··· Data ···

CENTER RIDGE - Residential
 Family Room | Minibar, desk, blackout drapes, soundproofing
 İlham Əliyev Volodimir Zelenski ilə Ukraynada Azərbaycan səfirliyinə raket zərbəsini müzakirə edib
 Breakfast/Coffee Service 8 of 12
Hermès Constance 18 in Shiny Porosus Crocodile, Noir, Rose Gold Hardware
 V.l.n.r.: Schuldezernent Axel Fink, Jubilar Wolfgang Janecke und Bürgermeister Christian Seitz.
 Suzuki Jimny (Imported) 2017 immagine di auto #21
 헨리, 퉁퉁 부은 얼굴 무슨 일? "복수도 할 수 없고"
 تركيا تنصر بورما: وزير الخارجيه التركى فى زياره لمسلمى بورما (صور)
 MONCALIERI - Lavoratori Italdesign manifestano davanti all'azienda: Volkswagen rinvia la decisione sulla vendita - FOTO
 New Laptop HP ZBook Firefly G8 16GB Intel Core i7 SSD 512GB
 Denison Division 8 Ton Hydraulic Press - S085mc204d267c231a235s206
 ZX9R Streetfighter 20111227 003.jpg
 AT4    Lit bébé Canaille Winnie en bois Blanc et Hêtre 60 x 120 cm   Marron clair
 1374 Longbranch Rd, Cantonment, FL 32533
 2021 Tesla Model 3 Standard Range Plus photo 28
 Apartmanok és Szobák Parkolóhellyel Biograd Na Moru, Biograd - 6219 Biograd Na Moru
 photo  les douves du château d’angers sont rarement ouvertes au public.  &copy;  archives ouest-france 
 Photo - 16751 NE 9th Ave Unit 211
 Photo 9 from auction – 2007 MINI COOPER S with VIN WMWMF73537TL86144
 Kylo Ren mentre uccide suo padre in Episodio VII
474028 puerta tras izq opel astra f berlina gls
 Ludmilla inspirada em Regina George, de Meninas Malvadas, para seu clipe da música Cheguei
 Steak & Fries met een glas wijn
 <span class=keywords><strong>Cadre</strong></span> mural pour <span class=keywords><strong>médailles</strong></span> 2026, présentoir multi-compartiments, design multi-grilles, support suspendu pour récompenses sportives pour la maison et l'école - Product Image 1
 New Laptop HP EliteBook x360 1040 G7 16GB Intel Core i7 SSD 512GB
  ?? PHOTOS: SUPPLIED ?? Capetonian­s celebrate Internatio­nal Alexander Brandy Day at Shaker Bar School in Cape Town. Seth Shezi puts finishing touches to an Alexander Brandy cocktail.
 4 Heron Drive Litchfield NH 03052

···

Please copy every line of the records above in which "Laptop" appears.

**Answer box:**
 New Laptop HP ZBook Firefly G8 16GB Intel Core i7 SSD 512GB
 New Laptop HP EliteBook x360 1040 G7 16GB Intel Core i7 SSD 512GB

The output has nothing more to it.